Surface Normals

First, let’s get ourselves a surface normal so we can shade. This is a vector that is perpendicular to the surface, and by convention, points out.

This part is corresponding to Ray Tracing In One Weekend: Surface Normals and Multiple Objects.

Hit sphere

function HitSphere(center: Vector3, radius: number, ray: Ray) {

For a sphere, the normal is in the direction of the hitpoint minus the center.

oc: origin to center

    const oc = ray.origin.clone().sub(center);

To get points of intersection, we need to solve the quadratic equation:

$\begin{cases}A & \text{origin}\\B & \text{direction} \\C & \text{center} \\ t & \text{distance from origin to intersection}\end{cases}$

$t^2 \cdot dot(B,B) + 2t \cdot dot(B,A-C) + dot(A-C,A-C) - R^2 = 0$

    const a = ray.direction.dot(ray.direction);
    const b = 2.0 * oc.dot(ray.direction);
    const c = oc.dot(oc) - radius * radius;

Let’s assume the closest hit point (smallest t):

    const Δ = b * b - 4 * a * c;
    if (Δ < 0) {
        return null;
    }
    return (-b - Math.sqrt(Δ)) / (2.0 * a);
}

Generate color

function GenerateColor(ray: Ray, hitSphere: (center: Vector3, radius: number, ray: Ray) => number | null) {

    const center = new Vector3(0, 0, 1);
    const radius = 0.5;

const intersection = hitSphere(center, radius, ray);
    if (intersection != null) {

Let’s just visualize the normals with a color map. A common trick used for visualizing normals (because it’s easy and somewhat intuitive to assume N is a unit length vector — so each component is between −1 and 1) is to map each component to the interval from 0 to 1, and then map x/y/z to r/g/b.
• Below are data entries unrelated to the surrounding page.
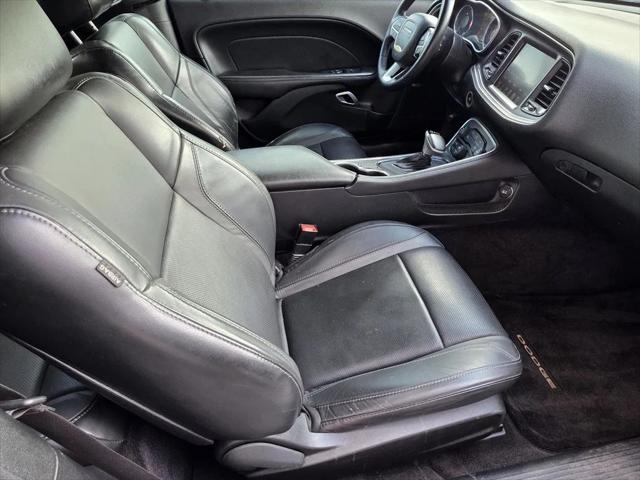 2016 Dodge Challenger SXT Plus
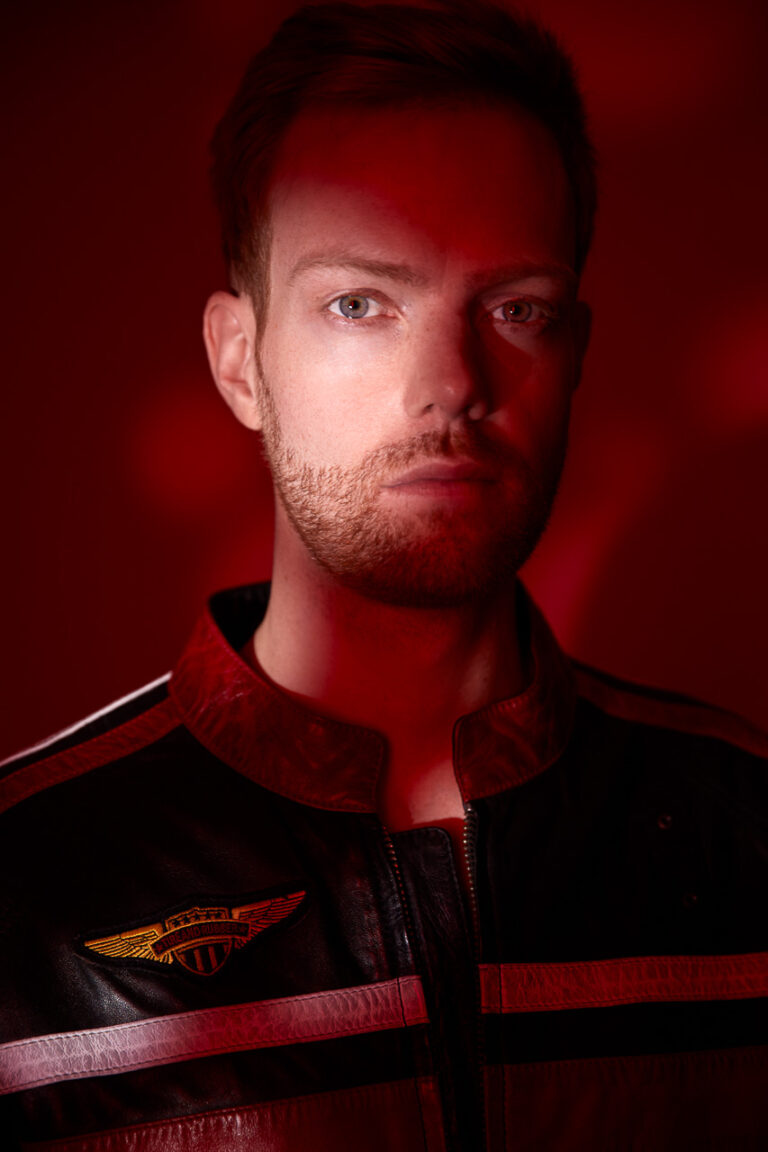 Künstlerisches Portrait Mann kreative Fotografie München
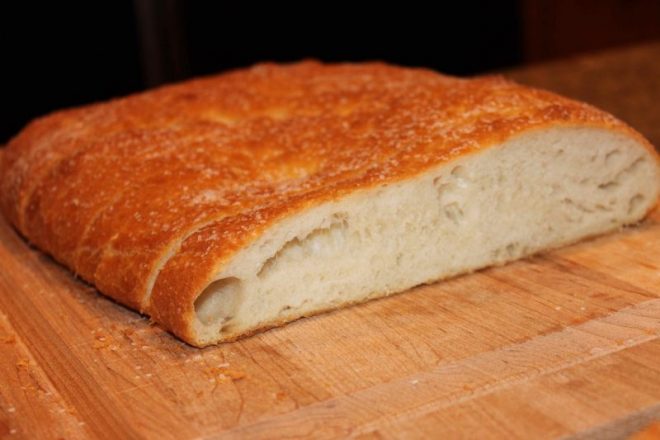 Хлеб чиабатта с сыром и чесноком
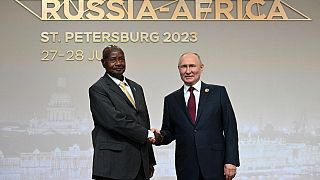 Sommet Russie-Afrique : Mnangagwa et Museveni rencontrent Poutine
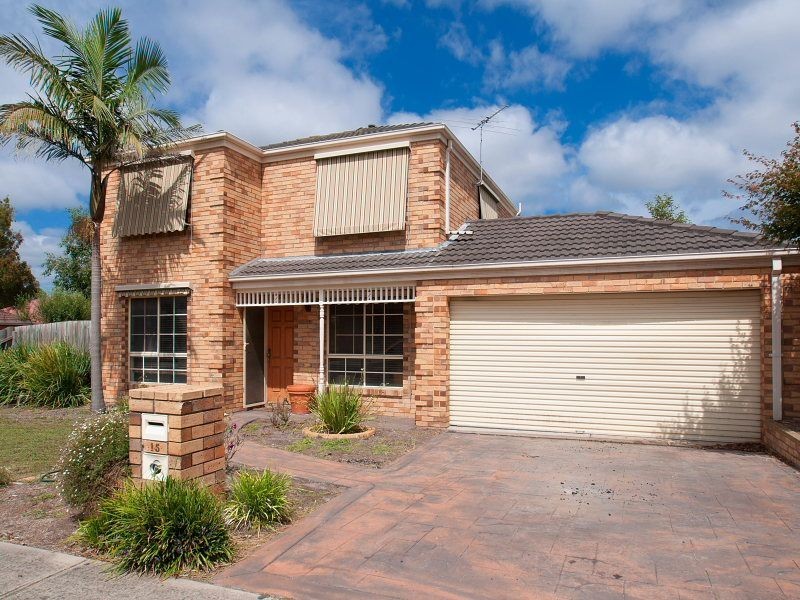 15 Wattlebird Way, Langwarrin VIC 3910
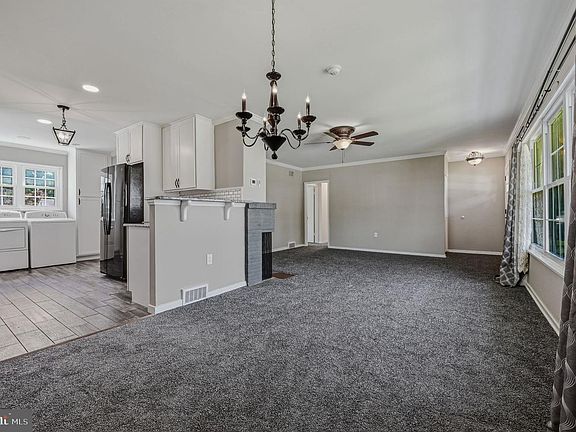 5th image of 108 Bette Rd
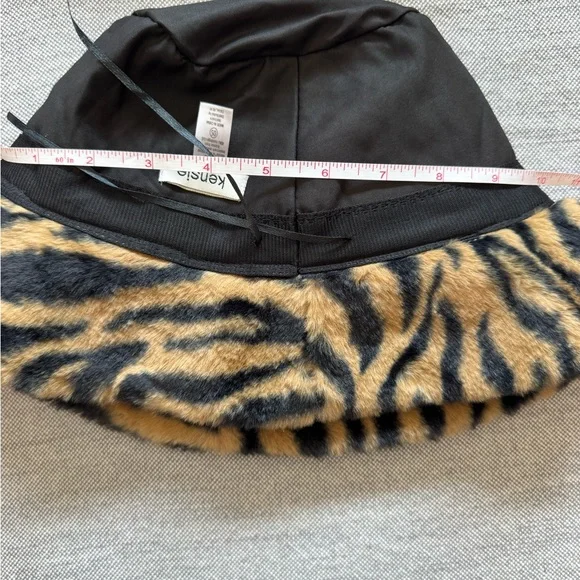 Kensie Faux Fur Tiger-Stripe Bucket Hat - Brown & Black - Picture 7 of 9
To get the same color as that in Ray Tracing In One Weekend, we need to deal with coordinate conversion: $y$ -> $-y$ and $z$ -> $-z$.

        const normal = ray
            .at(intersection, new Vector3())
            .sub(center)
            .normalize();
            
        return new Vector3(
            0.5 * (normal.x + 1),
            0.5 * (-normal.y + 1),
            0.5 * (-normal.z + 1)
        );
    }

    const unitDirection = ray.direction.clone().normalize();
    const t = 0.5 * (unitDirection.y + 1);
    const blend = new Vector3(0.5, 0.7, 1.0).lerp(new Vector3(1, 1, 1), t);
    return blend;
}

function RenderImage(canvas: HTMLCanvasElement, generateColor: (ray: Ray) => Vector3) {
    const topLeftCorner = new Vector3(-2, -1, 1);
    const horizontal = new Vector3(4, 0, 0);
    const vertical = new Vector3(0, 2, 0);
    const origin = new Vector3(0, 0, 0);

    const width = canvas.width;
    const height = canvas.height
    const context = canvas.getContext('2d');
    const imageData = context.getImageData(0, 0, width, height);

    for (let x = 0; x < width; ++x) {
        for (let y = 0; y < height; ++y) {

            const u = x / width;
            const v = y / height;
            const direction = topLeftCorner.clone()
                .addScaledVector(horizontal, u)
                .addScaledVector(vertical, v);

            const ray = new Ray(origin, direction);
            const color: Vector3 = generateColor(ray);

            const n = (y * width + x) * 4;
            imageData.data[n] = color.x * 255;
            imageData.data[n + 1] = color.y * 255;
            imageData.data[n + 2] = color.z * 255;
            imageData.data[n + 3] = 255;
        }
    }
    context.putImageData(imageData, 0, 0);
}

Result

import { onMount } from 'svelte';
import { Vector3, Ray, Sphere } from 'three';

export default function Section() {
    let canvas: HTMLCanvasElement;
    onMount(() => {
        function hitSphere(center: Vector3, radius: number, ray: Ray) {
            //@ts-ignore
            <HitSphere />;
        }

        function generateColor(ray: Ray) {
            //@ts-ignore
            <GenerateColor />;
        };

        //@ts-ignore
        <RenderImage />;
    });

    let width = 600;
    let height = 300;

    <div class="container">
        <canvas bindRef={canvas} width={width} height={height}></canvas>
    </div>
}